Ciber GC Sean Radcliffe on Making In-House Counsel a Strategic Partner in an IT Firm and Business Overall.
By Jennifer Hopfinger
If your business is something other than information technology (IT), creating your IT system—crucial though it may be—often ends up being a reactive, slapdash process. If your business is something other than corporate law, addressing legal concerns tends to be treated similarly. That makes Sean Radcliffe, General Counsel (GC) at an IT firm, a kind of consultant to consultants, tasked with training a client who trains clients to operate smarter.
Radcliffe works for not just any IT firm, but Ciber—a 40-year-old pioneer in the field with some 6,500 employees, operations around the world and nearly $1 billion in annual business. And Radcliffe aims to be not just any GC. If there are best practices for building IT infrastructure, according to Radcliffe, there’s got to be better ways to run a legal department, too.
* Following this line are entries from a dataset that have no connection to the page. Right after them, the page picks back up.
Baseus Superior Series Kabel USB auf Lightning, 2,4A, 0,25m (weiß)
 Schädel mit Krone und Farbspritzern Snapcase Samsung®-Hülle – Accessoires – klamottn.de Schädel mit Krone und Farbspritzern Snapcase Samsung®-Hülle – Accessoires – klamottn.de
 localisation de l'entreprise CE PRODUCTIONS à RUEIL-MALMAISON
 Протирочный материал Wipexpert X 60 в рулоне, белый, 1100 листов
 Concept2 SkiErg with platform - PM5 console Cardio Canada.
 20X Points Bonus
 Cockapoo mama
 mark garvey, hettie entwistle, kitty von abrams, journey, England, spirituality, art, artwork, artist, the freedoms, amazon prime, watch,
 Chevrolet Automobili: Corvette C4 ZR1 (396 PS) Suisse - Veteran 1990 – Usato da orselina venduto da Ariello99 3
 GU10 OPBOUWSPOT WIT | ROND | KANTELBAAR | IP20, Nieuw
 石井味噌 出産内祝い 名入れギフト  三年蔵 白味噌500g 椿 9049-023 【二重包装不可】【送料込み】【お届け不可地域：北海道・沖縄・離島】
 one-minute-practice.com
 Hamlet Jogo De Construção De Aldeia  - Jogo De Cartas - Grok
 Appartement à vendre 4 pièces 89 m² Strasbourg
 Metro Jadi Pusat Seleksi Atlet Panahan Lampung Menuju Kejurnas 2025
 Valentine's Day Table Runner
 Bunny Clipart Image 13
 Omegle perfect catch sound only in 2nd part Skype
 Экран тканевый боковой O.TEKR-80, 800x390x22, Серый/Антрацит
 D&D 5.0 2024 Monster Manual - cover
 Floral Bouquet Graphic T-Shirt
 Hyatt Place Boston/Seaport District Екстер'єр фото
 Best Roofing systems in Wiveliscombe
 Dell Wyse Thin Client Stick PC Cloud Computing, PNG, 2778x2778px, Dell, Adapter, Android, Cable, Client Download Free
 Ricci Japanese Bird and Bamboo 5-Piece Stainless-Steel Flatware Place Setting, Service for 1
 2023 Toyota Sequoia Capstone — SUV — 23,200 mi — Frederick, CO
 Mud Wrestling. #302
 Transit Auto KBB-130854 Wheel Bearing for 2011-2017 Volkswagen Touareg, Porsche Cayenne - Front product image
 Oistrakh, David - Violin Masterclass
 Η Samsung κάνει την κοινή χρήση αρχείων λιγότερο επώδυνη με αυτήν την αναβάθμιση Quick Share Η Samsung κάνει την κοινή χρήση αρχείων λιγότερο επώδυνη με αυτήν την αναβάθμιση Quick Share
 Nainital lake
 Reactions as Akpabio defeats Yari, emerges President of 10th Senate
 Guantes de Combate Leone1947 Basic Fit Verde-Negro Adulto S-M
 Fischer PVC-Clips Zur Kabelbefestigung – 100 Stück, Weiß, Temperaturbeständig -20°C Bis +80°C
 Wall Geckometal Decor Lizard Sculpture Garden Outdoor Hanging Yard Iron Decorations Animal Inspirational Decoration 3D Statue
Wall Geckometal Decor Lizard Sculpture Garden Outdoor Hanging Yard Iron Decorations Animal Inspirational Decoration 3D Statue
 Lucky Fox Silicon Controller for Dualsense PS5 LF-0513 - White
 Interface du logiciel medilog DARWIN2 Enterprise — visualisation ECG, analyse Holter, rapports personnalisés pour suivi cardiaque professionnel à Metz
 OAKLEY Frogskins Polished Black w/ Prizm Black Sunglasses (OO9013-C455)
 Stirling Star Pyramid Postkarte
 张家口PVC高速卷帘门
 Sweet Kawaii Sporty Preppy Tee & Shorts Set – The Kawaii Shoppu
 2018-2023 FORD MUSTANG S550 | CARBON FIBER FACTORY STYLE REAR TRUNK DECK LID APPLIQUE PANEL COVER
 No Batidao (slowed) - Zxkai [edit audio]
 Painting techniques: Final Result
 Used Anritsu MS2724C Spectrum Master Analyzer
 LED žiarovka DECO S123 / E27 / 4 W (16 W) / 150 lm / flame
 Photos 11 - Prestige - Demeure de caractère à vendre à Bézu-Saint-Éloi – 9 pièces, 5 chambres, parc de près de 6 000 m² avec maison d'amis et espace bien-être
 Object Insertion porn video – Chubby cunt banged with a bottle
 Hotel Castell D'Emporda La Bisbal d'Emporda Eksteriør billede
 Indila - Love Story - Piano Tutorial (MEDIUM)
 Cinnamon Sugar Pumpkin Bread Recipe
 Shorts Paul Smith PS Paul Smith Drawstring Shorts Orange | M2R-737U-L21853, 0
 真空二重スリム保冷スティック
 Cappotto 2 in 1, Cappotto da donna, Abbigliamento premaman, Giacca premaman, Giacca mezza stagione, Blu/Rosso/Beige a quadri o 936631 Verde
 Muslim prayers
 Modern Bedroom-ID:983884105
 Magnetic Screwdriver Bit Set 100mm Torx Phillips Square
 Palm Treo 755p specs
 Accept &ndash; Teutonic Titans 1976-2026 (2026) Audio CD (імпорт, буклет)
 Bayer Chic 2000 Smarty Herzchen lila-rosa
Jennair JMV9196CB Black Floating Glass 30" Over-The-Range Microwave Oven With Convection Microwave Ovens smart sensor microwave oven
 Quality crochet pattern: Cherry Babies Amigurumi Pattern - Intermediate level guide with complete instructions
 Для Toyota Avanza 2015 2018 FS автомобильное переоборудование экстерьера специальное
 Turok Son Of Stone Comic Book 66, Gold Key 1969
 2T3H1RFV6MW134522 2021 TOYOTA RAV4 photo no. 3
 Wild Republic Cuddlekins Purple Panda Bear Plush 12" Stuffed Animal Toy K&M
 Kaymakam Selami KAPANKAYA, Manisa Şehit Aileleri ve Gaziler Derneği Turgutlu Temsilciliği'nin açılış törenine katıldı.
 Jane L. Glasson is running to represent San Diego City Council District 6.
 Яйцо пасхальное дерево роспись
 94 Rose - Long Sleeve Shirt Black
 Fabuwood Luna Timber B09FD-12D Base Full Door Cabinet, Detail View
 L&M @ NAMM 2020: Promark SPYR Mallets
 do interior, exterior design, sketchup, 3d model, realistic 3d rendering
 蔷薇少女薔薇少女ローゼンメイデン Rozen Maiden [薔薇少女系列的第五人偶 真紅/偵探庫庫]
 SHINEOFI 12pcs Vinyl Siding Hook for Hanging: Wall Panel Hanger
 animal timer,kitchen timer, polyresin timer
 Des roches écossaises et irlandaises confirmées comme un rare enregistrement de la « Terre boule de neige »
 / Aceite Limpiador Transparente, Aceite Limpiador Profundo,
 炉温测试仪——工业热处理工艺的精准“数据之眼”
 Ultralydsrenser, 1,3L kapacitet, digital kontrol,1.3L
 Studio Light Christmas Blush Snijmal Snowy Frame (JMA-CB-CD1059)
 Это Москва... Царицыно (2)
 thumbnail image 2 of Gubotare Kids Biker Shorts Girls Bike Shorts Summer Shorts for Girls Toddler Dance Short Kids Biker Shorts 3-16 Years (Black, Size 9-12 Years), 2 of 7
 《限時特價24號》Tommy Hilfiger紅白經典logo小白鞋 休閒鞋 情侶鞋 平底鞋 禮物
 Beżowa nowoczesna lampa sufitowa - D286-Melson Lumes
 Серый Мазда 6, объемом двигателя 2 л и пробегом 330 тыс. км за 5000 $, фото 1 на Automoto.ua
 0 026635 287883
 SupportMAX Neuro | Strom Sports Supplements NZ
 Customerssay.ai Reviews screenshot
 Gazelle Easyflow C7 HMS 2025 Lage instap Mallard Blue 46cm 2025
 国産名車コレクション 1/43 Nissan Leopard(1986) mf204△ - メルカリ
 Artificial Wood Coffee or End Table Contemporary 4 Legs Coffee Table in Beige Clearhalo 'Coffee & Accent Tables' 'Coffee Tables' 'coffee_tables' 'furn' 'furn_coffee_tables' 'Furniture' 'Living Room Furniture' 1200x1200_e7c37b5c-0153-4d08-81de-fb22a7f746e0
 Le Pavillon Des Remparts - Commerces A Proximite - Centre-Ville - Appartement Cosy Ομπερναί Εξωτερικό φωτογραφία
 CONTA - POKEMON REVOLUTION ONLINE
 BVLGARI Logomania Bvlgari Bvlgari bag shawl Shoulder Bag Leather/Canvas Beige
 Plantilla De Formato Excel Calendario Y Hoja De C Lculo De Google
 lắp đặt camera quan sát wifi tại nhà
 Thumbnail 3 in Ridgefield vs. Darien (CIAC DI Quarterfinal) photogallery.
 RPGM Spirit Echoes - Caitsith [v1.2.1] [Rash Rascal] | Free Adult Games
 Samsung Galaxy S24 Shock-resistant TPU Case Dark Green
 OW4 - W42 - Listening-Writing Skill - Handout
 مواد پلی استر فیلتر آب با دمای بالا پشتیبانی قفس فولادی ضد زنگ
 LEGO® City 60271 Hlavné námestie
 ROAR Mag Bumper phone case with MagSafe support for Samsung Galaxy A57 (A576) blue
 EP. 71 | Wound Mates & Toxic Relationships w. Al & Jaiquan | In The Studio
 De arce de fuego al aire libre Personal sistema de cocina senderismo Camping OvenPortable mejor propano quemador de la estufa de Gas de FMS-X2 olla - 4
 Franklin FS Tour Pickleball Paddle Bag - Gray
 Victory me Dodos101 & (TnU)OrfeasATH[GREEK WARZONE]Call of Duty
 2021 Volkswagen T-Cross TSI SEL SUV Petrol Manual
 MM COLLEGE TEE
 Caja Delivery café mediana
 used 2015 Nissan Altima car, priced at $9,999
He compares what Denver-based Ciber does, and what he does within it, to a construction project. Say a company wants to build a new office and it isn’t in the business of construction, but rather software or manufacturing or media, so it hires a company that does specialize in construction—a company that provides architects, project managers and construction workers. Likewise, Ciber provides experts in areas like programming, databases and infrastructure design.
In this construction analogy, Radcliffe is the advisor to the project manager, he said. He would work on compliance issues and permits. He would be the ombudsman—that independent person to whom workers on the site can come with questions and concerns. In real-world terms, Radcliffe is Senior Vice President, GC and Corporate Secretary. He is the legal advisor to Ciber’s management team and Board of Directors, in charge of corporate governance, and an independent strategic advisor to the business.
It’s that last part of his role that prompted Radcliffe to go in house.
Building to Business Advisor
He started out in private practice, as a Securities Lawyer at a firm that worked on many initial public offerings (IPOs). “IPOs are exciting. It moves fast, and there’s a lot at stake. You have to navigate the regulatory side, the banking side, client expectations. It’s a lot of work and all-consuming, but very exciting,” Radcliffe said.
He then went out on this own as a sole practitioner. “In my youthful exuberance, I thought I could take a small stable of clients and do their work on my own, but I made the classic rookie mistake that a lot of small businesses, especially professionals, tend to make: I focused on the work and not on marketing and developing a pipeline of new business. When you’re on your own, there is no cushion.”
The failure was also a matter of bad timing. He started the business in late 2000, and after the dot-com bubble burst in early 2001, his client base quickly dried up.
While he was licking his wounds, an old mentor from Radcliffe’s law firm days, who had become the GC at a telecom company, offered him a job.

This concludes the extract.